Report from planning sessions due next year
Published 12:00 am Wednesday, October 16, 2002
City landscaping employees clean up the limbs, beer bottles and debris behind the old Western Auto building next to People’s Drugstore on Washington Street. The city bought the property from the Foundation of Historic Preservation as part of the downtown urban revitalization project. City Landscaper Jeff Richardson said the city will hire an architect to stabilize the front and exterior of the building and then try to sell it to a merchant. (The Vicksburg Post/Melanie Duncan)
[10/16/02]Vicksburg officials say they won’t know what changes will be suggested from a round of planning sessions until new land-use ordinances come back from designers next year.
Engineers, architects and city planners finished phase II of the charrette Friday and left with the information gathered during the five days of meeting with the public.
Plans are to incorporate ideas into a new SmartCode for Vicksburg. The process is running parallel to the city’s downtown revitalization process and is part of the administration’s initiative to clean up the town and establish long-term plans for Vicksburg.
Ronnie Bounds, city planner, said the new code will regulate growth in commercial and residential areas and is expected to be adopted by the city board next summer. The copyrighted process administered by consultants is expected to focus more on public areas such as parks and can be modified to allow for mixed uses such as small, community shops in residential neighborhoods.

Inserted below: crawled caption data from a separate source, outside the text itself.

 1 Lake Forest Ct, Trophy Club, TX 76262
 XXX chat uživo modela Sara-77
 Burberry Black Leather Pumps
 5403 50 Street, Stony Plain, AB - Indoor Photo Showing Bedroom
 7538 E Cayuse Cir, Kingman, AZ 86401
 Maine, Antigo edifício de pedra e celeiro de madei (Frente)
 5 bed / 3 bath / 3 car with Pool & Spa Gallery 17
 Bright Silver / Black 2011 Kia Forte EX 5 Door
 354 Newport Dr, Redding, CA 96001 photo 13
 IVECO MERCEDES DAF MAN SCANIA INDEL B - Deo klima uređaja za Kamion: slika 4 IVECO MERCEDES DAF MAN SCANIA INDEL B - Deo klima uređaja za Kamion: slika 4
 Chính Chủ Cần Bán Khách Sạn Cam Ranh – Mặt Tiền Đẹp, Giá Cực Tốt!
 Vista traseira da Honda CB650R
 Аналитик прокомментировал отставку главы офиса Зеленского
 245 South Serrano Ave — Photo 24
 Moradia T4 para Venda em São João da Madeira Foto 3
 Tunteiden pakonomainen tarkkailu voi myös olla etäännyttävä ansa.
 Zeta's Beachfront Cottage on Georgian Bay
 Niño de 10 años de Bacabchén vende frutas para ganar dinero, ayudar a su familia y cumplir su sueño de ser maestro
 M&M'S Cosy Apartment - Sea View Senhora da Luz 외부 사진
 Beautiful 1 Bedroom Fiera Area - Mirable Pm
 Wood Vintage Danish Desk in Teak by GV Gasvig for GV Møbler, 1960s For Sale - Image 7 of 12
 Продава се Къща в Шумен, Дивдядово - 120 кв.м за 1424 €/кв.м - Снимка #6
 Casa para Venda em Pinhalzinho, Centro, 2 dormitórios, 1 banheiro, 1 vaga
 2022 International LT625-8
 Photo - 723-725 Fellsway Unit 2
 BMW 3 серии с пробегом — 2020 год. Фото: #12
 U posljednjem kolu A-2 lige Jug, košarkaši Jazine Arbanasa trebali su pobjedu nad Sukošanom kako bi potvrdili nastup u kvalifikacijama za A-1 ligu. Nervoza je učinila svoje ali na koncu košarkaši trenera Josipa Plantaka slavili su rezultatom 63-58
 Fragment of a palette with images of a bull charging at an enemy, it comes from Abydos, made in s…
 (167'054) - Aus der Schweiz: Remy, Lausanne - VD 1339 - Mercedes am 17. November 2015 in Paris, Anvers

Bounds said the new codes will focus on land use over the next 10 years and will have little effect on existing areas. The new rules will have to be presented at a public hearing before being adopted by the city board, Bounds said.
The previous charrette, in April at the convention center, concentrated on main corridors and commercial areas. A draft document from that session is expected to be turned over to the city in the next 30 days, said South Ward Aldermen Sid Beauman.
A draft proposal of new zoning ordinance shelved for three years has been put aside in favor of the new code to come out of the charrette.
A citizen advisory committee worked with the city’s planning department for more than a year developing the proposed new zoning ordinance. It was put on hold after the city’s zoning official left the city.
The city’s zoning laws were created in 1971. Some adjustments were made in 1996 to accommodate the areas annexed into the city in 1990.
Under the state’s urban renewal laws, the city has been acquiring dilapidated properties downtown for redevelopment. Some of those properties are being held for public use and others will be advertised for business development.